Yukarıdaki ayette Allah "Göklerde ve yerde nice deliller vardır" diyor biz müminlere. Biz de birazcık da olsa tefekkür edelim mi, belki görebiliriz bu delilerden bazılarını. Okyanus hayvanlarını hiç incelemiş miydiniz? Mesela "Mantis Karides" hayvanları Guam’dan Doğu Afrika’ya Hindistan-Pasifik’te yaşayan canlılardır. Mantis karides akvaryum camını kırabilen, yengeçlerin kabuklarını parçalayan son derece sert, sopaya benzeyen dokunaçları vardır. Evrim süreci 400 milyon yıl öncesine dayanan mantis karidesi, kıskaçlarıyla 50 kg gücünde darbe vurabiliyor. Bu rakam, karidesin kendi ağırlığının yüzlerce katına denk geliyor. Hangi şampiyon dövüşçüden ders aldığını bilmiyoruz. Hint Pasifiği bölgesinde yoğun olarak yaşayan karidesin düşmanlarına kollarını savurma hızı 5.56 milimetre mermi ile çalışan bir tüfeğinkine neredeyse eşit. Günde kaç saat spor yapıyor da bu hıza erişiyor bilmiyoruz Bilim insanları, mantis karidesinin dokunaçlarını nano ölçekte inceledi ve karidesin dokunaçlarının mühendislikle üretilen seramiklerden bile daha sert bir yapıya sahip olduğunu gördü. İnsanda normalde 4 adet ışığa duyarlı hücre bulunmaktadır. Bunlardan bir tanesi çubuk hücresi grubu, diğer 3 tanesi ise kırmızı yeşil ve mavi renklere duyarlı koni hücrelerdir. Ancak mantis karideslerinde yapılan analizler bu hayvanın 20 farklı fotoreseptörü olduğunu ortaya çıkarmıştır. Hangi biyoloji ilminden öğrendi de yirmi tane farklı reseptörü oluşturdu bilmiyoruz. Bu bakımdan insan gözüne göre renkleri kat kat detaylı ayırt edilebilir. Şimdi sormamız gereken soruyu soralım. Akılsız şuursuz ilmi bilgisi olmayan bu karidescik, bunları yapmayı nereden biliyor? Hiçbir okula gitmeden oluşumundan itibaren bu vurma tekniğini, hızını ayarlamayı fotoreseptörünü oluşturmayı nereden biliyor?
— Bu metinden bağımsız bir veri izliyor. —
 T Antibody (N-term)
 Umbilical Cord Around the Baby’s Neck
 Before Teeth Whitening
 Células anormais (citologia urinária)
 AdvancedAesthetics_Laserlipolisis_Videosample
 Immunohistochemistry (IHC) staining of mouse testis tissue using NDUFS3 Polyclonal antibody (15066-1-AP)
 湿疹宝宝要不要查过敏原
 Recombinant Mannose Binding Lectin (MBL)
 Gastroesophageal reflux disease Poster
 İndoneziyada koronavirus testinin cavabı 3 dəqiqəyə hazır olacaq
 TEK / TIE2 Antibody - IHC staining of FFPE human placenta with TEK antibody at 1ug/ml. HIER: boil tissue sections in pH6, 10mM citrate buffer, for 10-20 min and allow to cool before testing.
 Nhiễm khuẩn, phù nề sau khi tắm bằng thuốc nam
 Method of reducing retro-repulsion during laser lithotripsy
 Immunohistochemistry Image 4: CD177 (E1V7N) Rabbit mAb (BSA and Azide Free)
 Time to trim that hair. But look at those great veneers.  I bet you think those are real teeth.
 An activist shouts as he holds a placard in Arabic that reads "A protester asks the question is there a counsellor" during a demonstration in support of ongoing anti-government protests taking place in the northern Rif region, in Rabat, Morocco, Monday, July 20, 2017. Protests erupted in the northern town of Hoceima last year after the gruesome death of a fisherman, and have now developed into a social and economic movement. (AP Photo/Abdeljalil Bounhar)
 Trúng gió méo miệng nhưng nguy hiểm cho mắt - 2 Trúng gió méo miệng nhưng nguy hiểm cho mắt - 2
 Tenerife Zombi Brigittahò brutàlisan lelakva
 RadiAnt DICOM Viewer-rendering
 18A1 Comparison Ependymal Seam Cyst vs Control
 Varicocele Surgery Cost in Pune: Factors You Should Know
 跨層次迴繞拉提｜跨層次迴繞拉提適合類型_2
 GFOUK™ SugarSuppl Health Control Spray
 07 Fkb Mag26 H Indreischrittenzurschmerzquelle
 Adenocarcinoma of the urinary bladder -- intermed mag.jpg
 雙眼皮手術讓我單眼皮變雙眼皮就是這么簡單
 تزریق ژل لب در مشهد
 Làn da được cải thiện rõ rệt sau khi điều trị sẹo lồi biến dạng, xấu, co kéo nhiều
Bunları ona öğreten kim? Aklı olmayan bu varlıkların ellerinden nice sanat eserleri çıkıyor. Bir de uzağa gitmeden kendi vücudumuzdaki bir organımızı ele alsak nasıl olur? Mesela kulak?

Bizim duyma işlemimiz nasıl gerçekleşiyor? Hiç düşündük mü? Genel tabiriyle işitme olayı şu şekilde: Kulak kepçesiyle toplanan ses dalgaları kulak yolundan kulak zarına gelir ve kulak zarını titreştirir. Zarın titreşimleri kulak kemikçikleri tarafından kuvvetlendirilip oval pencereye iletilir. Oval penceredeki ses titreşimleri dalız içindeki sıvı ile salyangozdaki sıvıya geçer. Ses titreşimleri salyangozdaki sıvıdan işitme duyu hücrelerine oradan da sinirlere aktarılırlar. Sinirler tarafından alınan ses beyine iletilir ve işitme sağlanmış olur. Kusursuz bir insan kulağı 20-20.000 Hertz arasındaki sesleri işitir. İnsan sesi yaklaşık olarak 500–3000 Hertz arasındadır. Bakın burada ses dalgalarını, kulak zarını ortaya koyup inceliyoruz. Çünkü her birisinin oluşumları kendi içerisinde ayrı bir alem. Bu düzen hiç şaşmadan bize iletiliyor, anlık oluşuyor bir anda oluveriyor, biz görmeden algılamadan. Peki bu kulağımızdaki dalgalar, kulak zarı nereden biliyor bunları yapmayı ? Akılları var mı? İlimleri var mı? Kulak yolundan kulak zarına gitmeyi nereden biliyor? Bunları bu şekilde düzene getiren kim? Peki cansız atomlardan canlı bir bayan veya bay oluşumu nasıl oluyor? Ve bu olay sadece bir insan kulağı için dünyada milyarlarca insan var, milyarlarca insanın kulak sistemini yapan kim? Tüm bu soruların tek bir cevabı olabilir, biz Müslümanlar bu kusursuz düzen ve intizamı yaratan kişiye Allah diyoruz.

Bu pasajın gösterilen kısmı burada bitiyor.